What you have to do: Retype the material that follows exactly, limited to the lines from the one with "Instagram Story Template" through the one with "Visual Comfort Studio", and keep out all pictures.

Raw data:
= = = = = = =

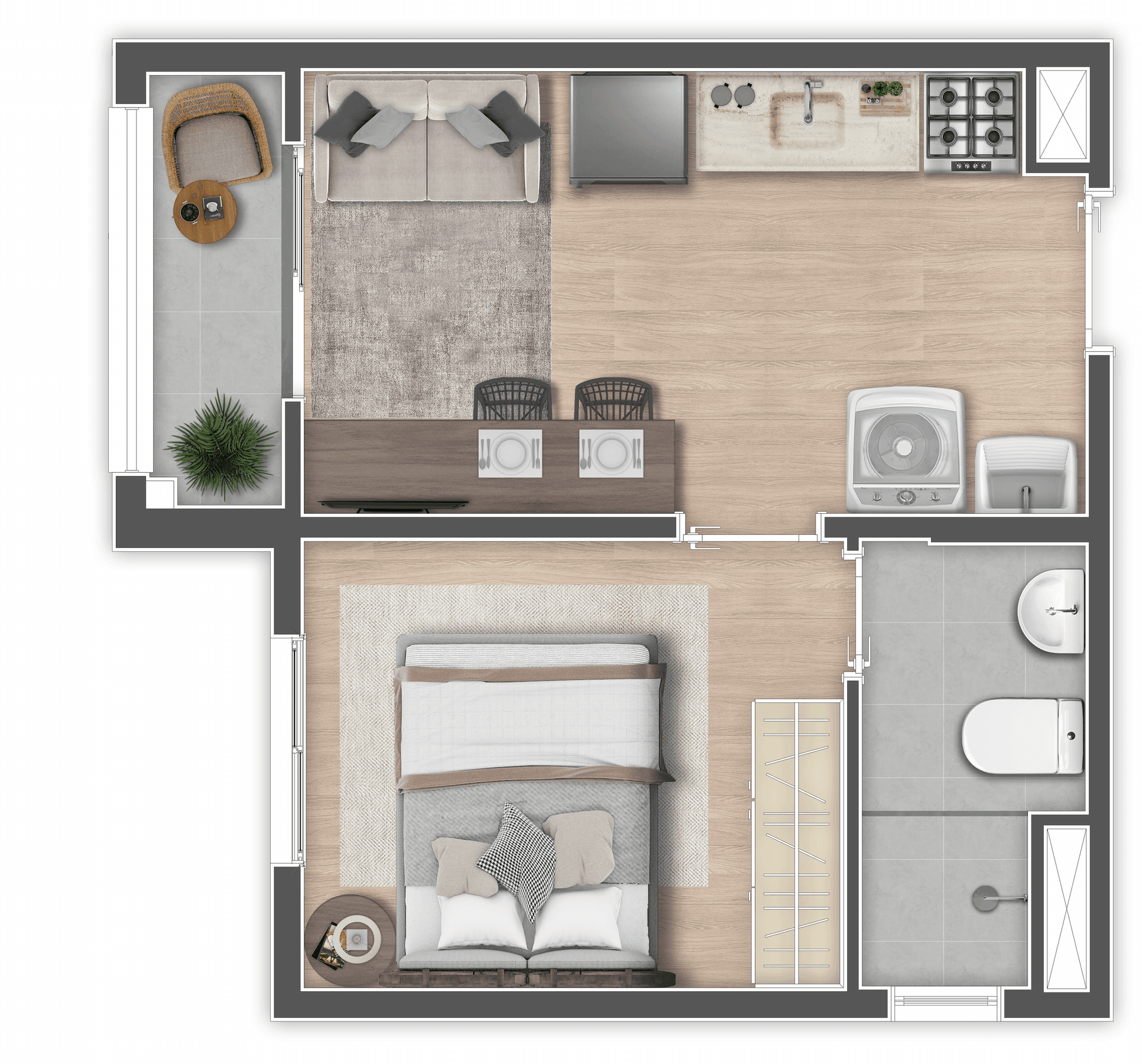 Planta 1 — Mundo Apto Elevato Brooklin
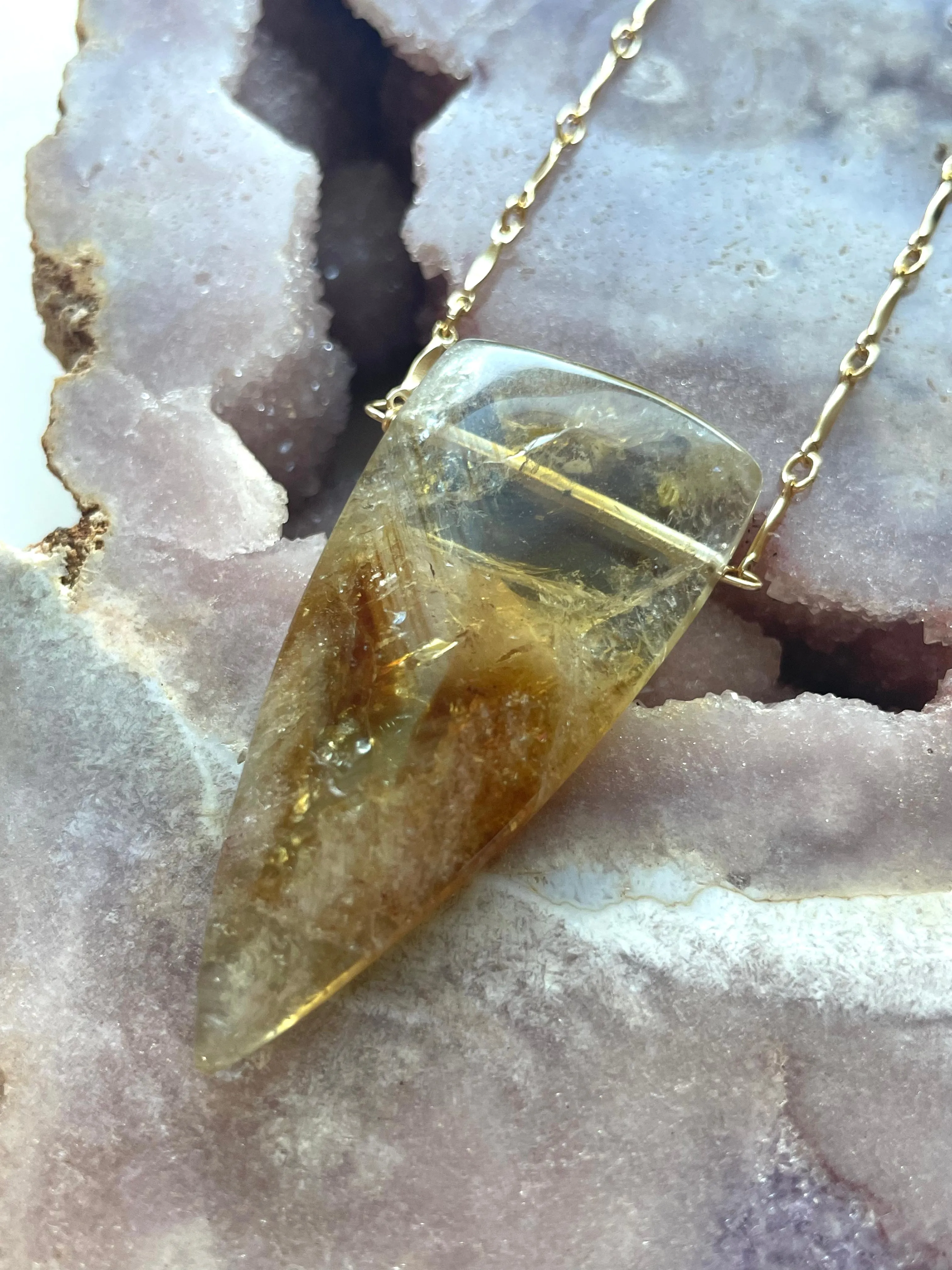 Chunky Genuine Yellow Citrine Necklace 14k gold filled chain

= = = = = = =

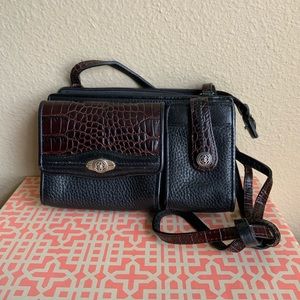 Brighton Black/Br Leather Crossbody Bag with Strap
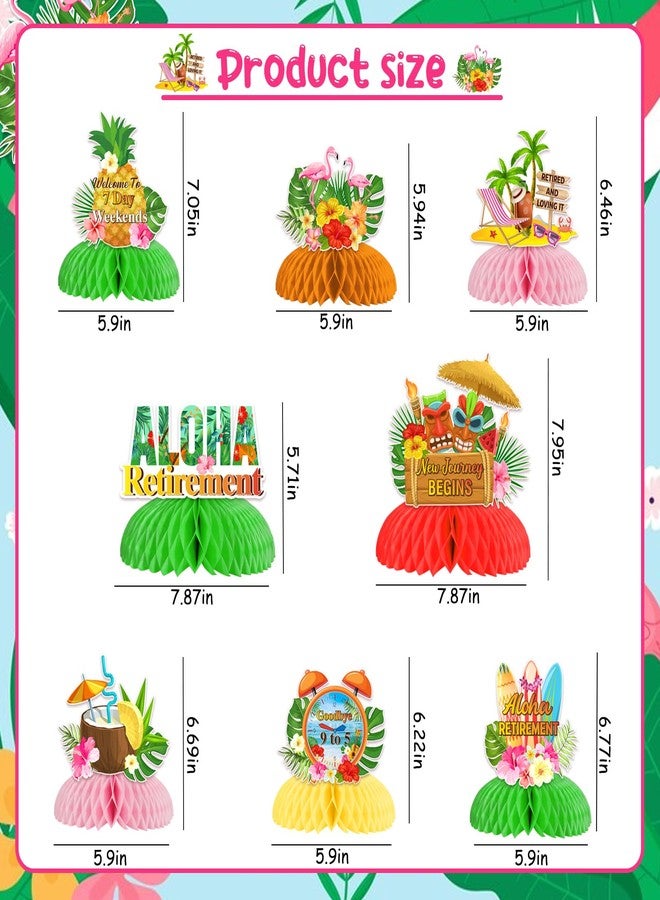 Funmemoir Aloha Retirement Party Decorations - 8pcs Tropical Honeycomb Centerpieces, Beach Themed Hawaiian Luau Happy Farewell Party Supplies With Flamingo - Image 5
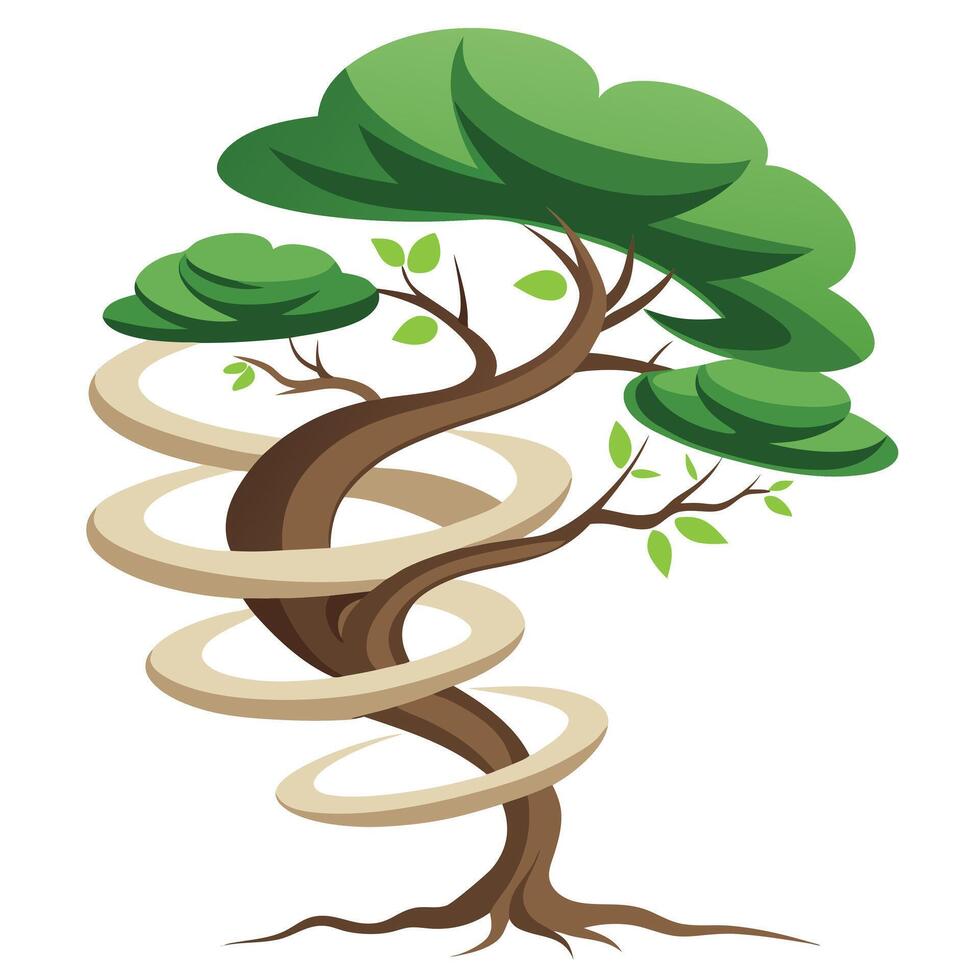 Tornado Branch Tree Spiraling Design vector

= = = = = = =

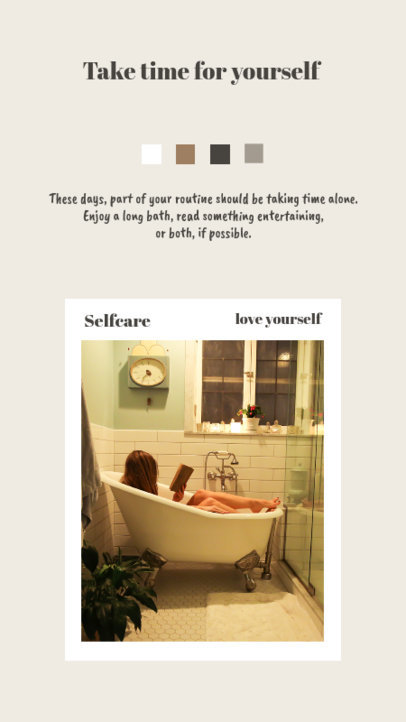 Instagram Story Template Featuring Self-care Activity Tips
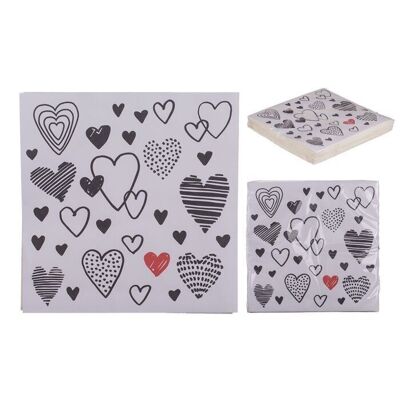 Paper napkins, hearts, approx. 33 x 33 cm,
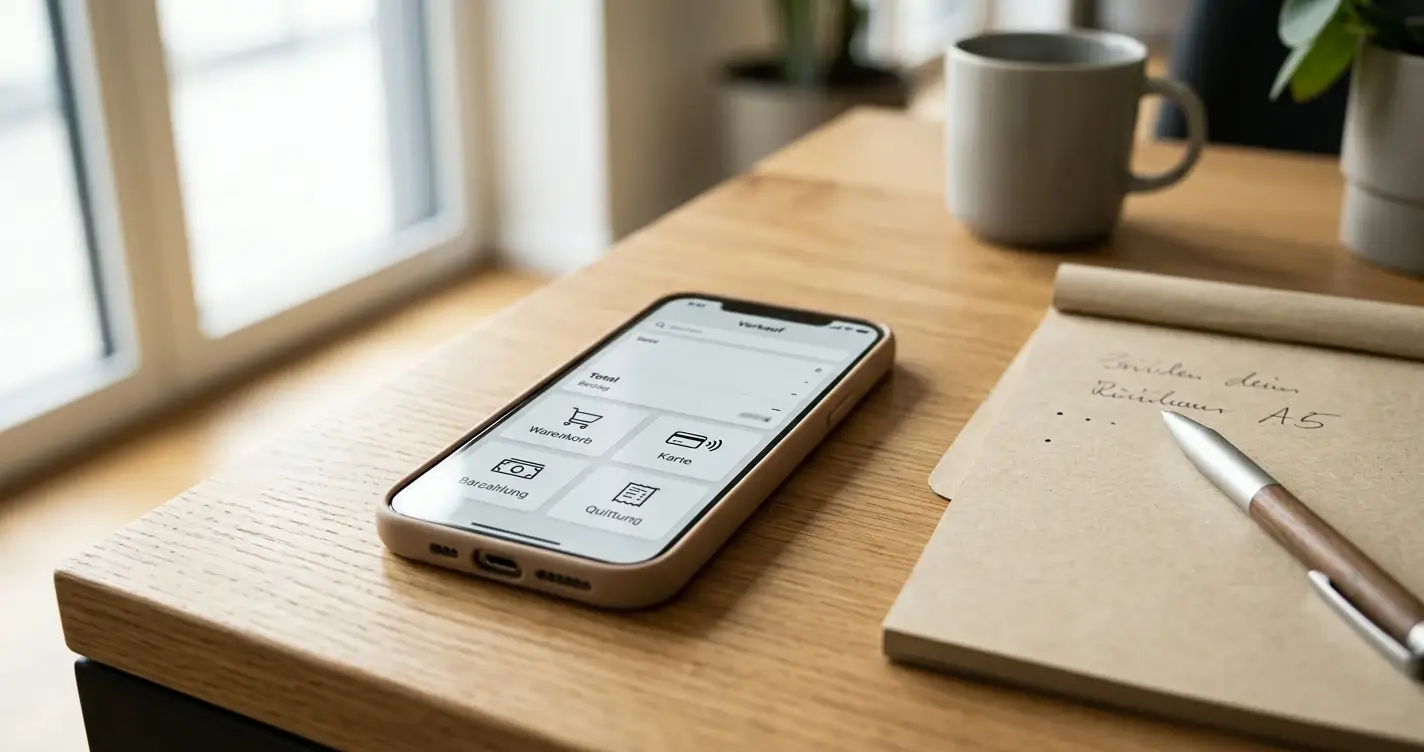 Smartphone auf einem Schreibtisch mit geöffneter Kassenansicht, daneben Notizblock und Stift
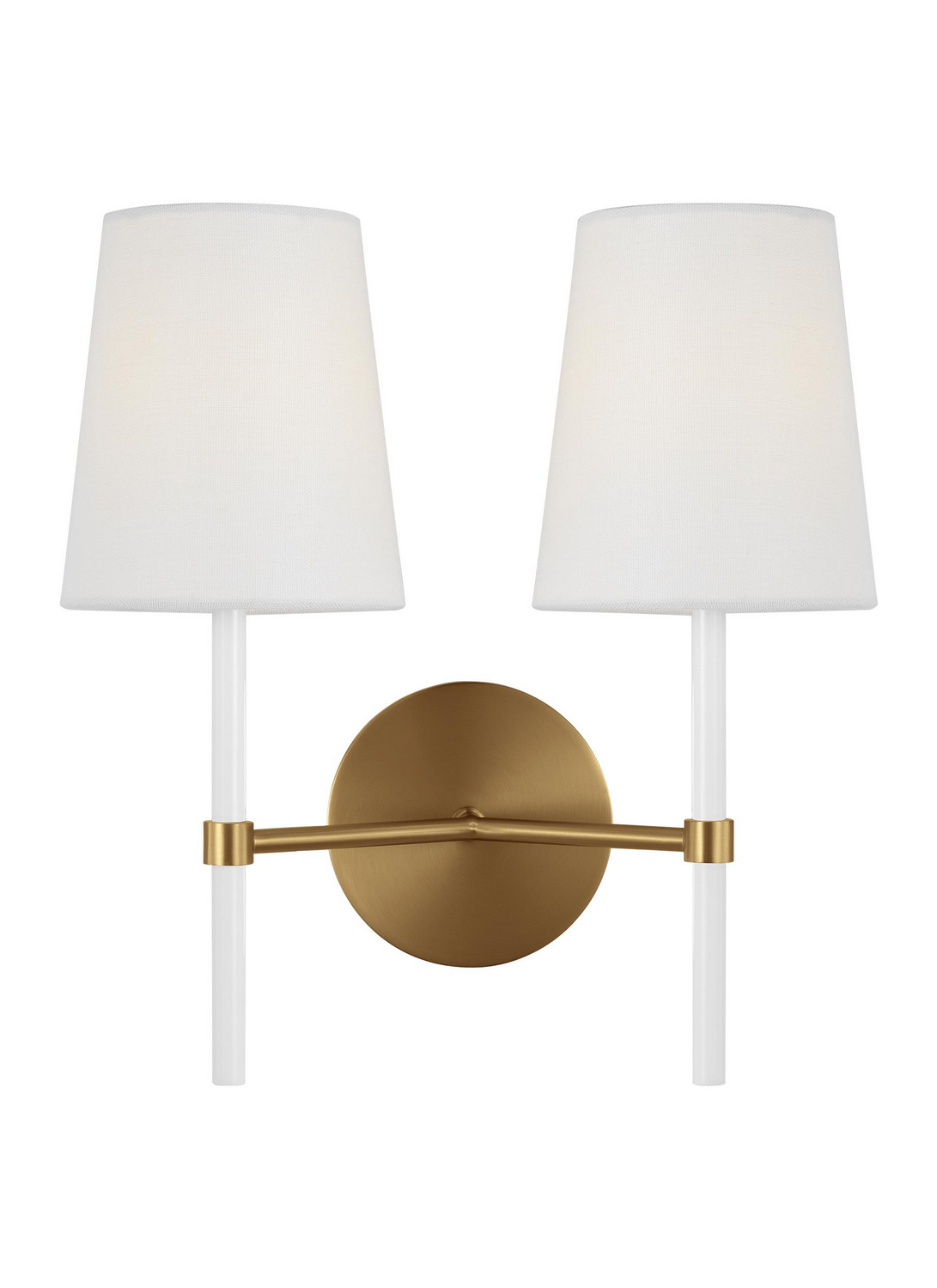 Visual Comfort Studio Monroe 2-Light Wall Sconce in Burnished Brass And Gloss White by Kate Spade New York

= = = = = = =

Output:
 Instagram Story Template Featuring Self-care Activity Tips
 Paper napkins, hearts, approx. 33 x 33 cm,
 Smartphone auf einem Schreibtisch mit geöffneter Kassenansicht, daneben Notizblock und Stift
 Visual Comfort Studio Monroe 2-Light Wall Sconce in Burnished Brass And Gloss White by Kate Spade New York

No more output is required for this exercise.